Ярославская областная ежедневная газета Северный Край, среда, 09 июля 2008
Адрес статьи: http://www.sevkray.ru/news/9/13347/

С надеждой на грядущую весну...

рубрика: История
Автор: Надежда ШЕСТЕРИНА

Период с 1905 по 1909 годы для «Северного края» – это время отчаянной борьбы с цензурой, судебных процессов и постоянной смены названий. По содержанию газета по-прежнему была оппозиционной, многие заметки и статьи о насущных проблемах общества оканчивались неизменным выводом о том, что необходимо «обновить и освежить окружающую атмосферу, поставить на работу новые силы, дать простор тому, что до сих пор только давало знать о себе».

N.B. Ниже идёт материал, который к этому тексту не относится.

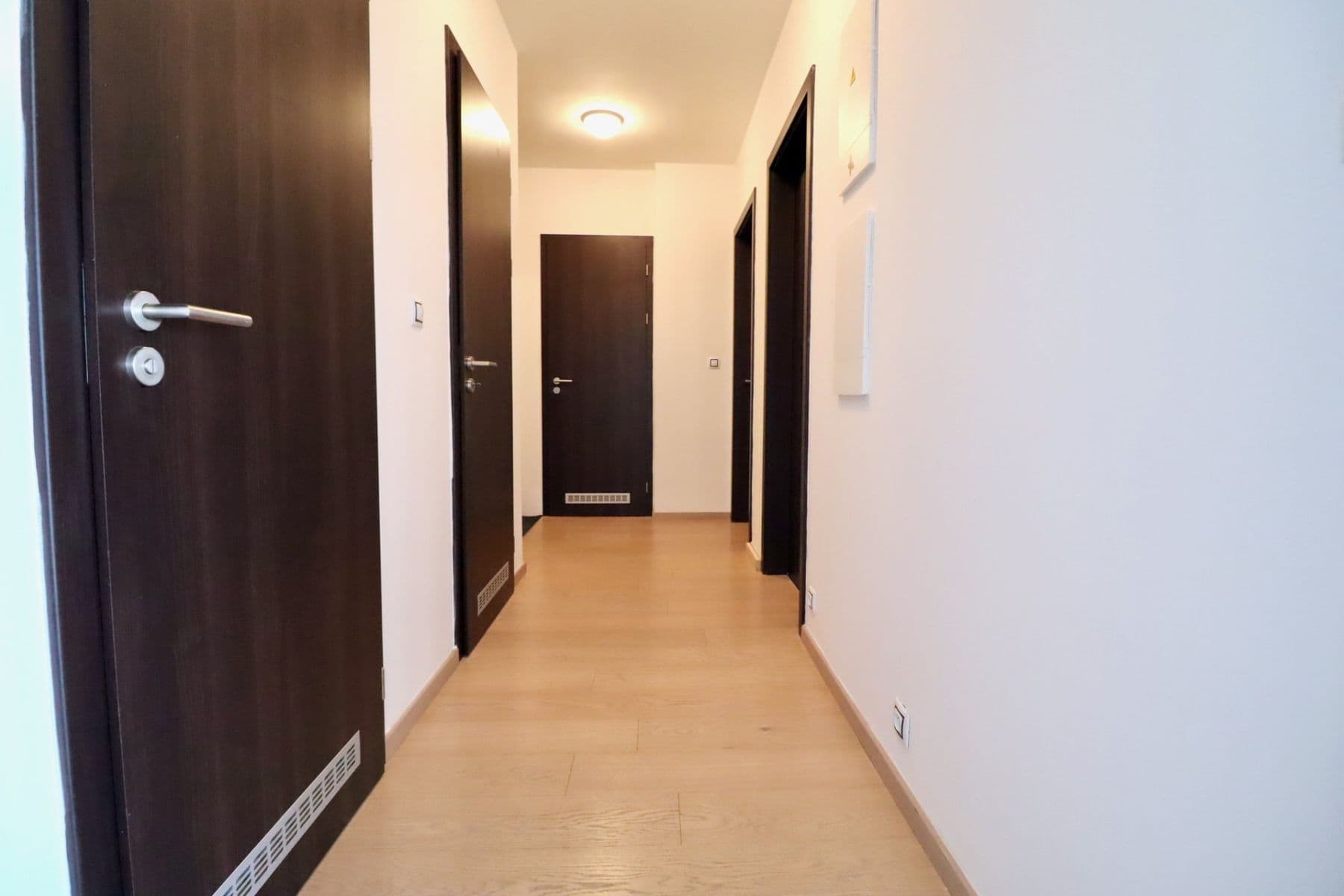 2 bedroom with open-plan kitchen flat to rent, 69 m², Chlebovická, Prague, Prague 2 bedroom with open-plan kitchen flat to rent, 69 m², Chlebovická, Prague, Prague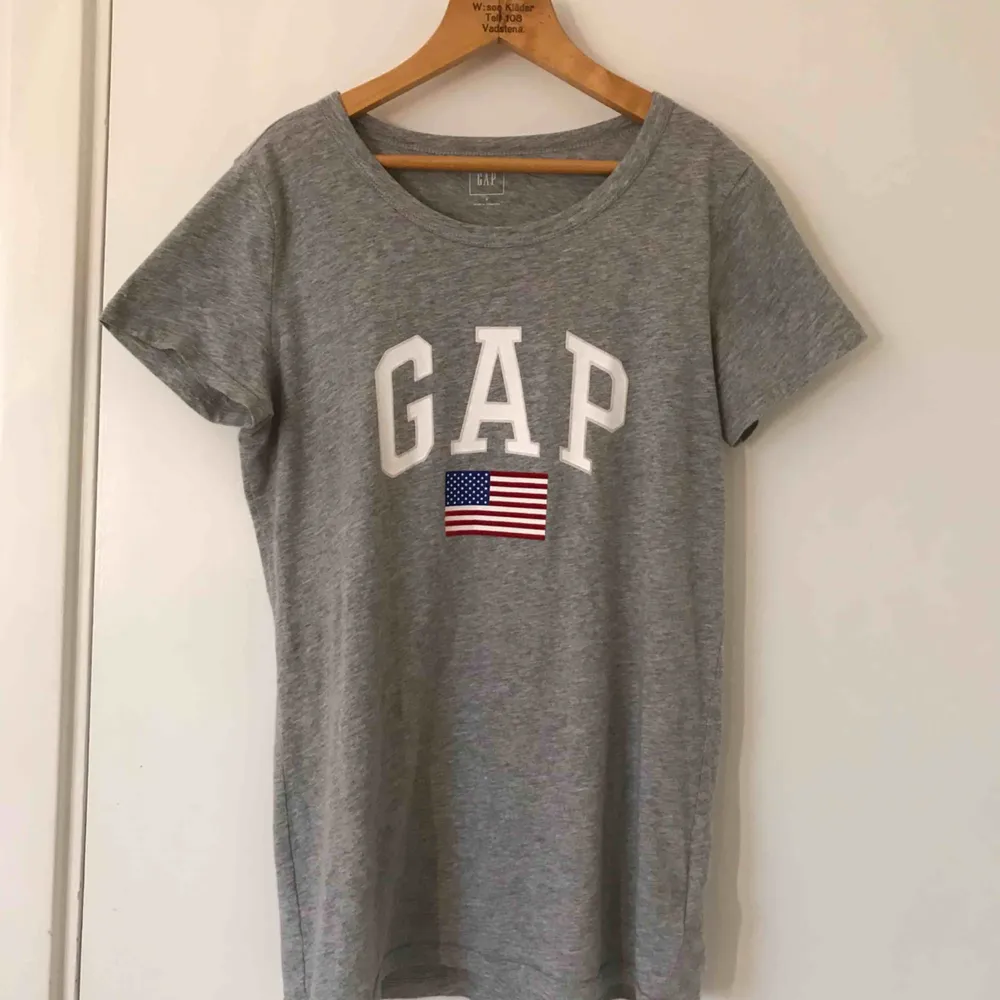 T-shirt från GAP. Använd ett fåtal gånger så den är i nyskick. Kan mötas i Linköping annars står köparen för frakten.. T-shirts.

«ПРИСНИЛОСЬ МНЕ, ЧТО Я – ЖАР­ПТИЦА...»

«Редакция «Северного края» приносит свою благодарность всем лицам, приветствовавшим возобновление издания газеты», – такое выделенное в рамочку обращение к читателям появилось в номере за 1 января 1905 года. В этом же номере, в «подвале» четвёртой полосы, где обычно печатаются фельетоны, был помещён святочный рассказ «Новогодний сон».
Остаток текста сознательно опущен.